* _REQUIREMENT_
Your reply must contain the full listing below, reproduced exactly, but no pictures.
---------- AVAILABLE DATA
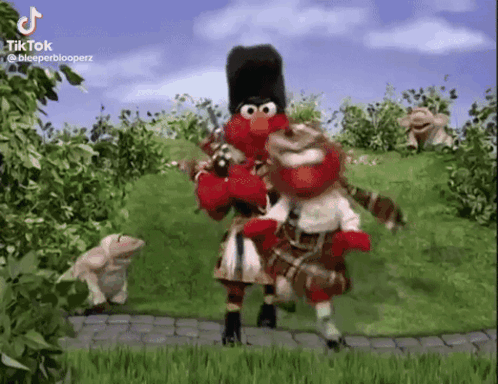 Elmo Dancing With His Friend In The Garden GIF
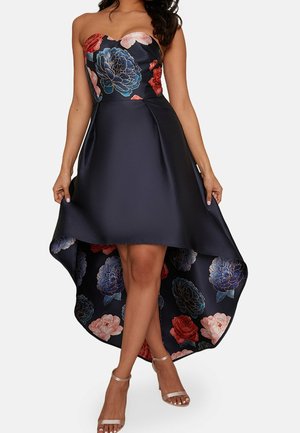 Robe sans bretelles à ourlet asymétrique en satin marine avec des motifs floraux rouges, roses et bleus. Présente un corsage ajusté et une jupe fluide pour le mouvement.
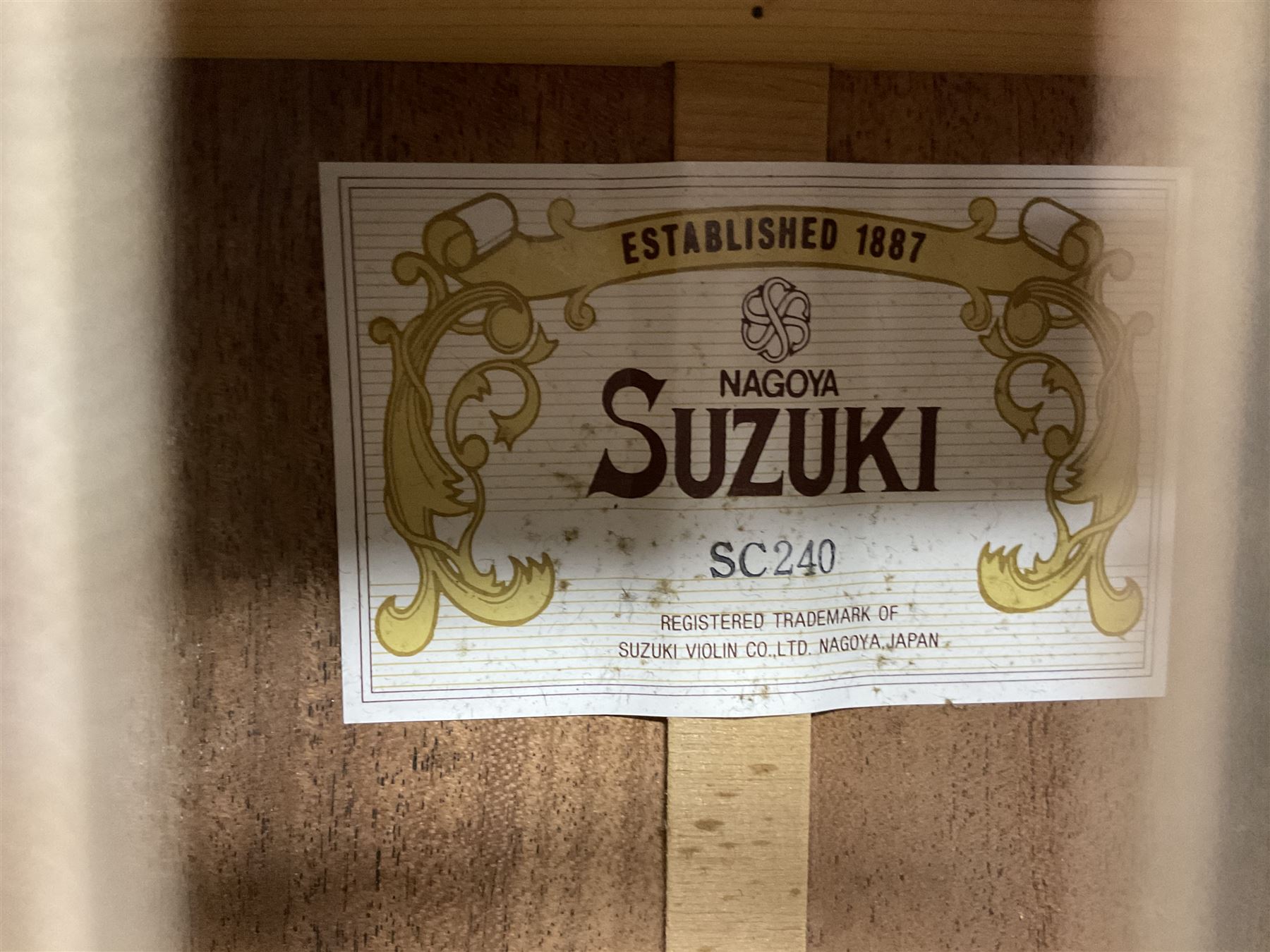 Nagoya Suzuki Model SC240 acoustic guitar with mahogany back and ribs and spruce top, bears label, L101cm; in soft carrying case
--------------------
* _OUTPUT OF THE EXERCISE_
 Elmo Dancing With His Friend In The Garden GIF
 Robe sans bretelles à ourlet asymétrique en satin marine avec des motifs floraux rouges, roses et bleus. Présente un corsage ajusté et une jupe fluide pour le mouvement.
 Nagoya Suzuki Model SC240 acoustic guitar with mahogany back and ribs and spruce top, bears label, L101cm; in soft carrying case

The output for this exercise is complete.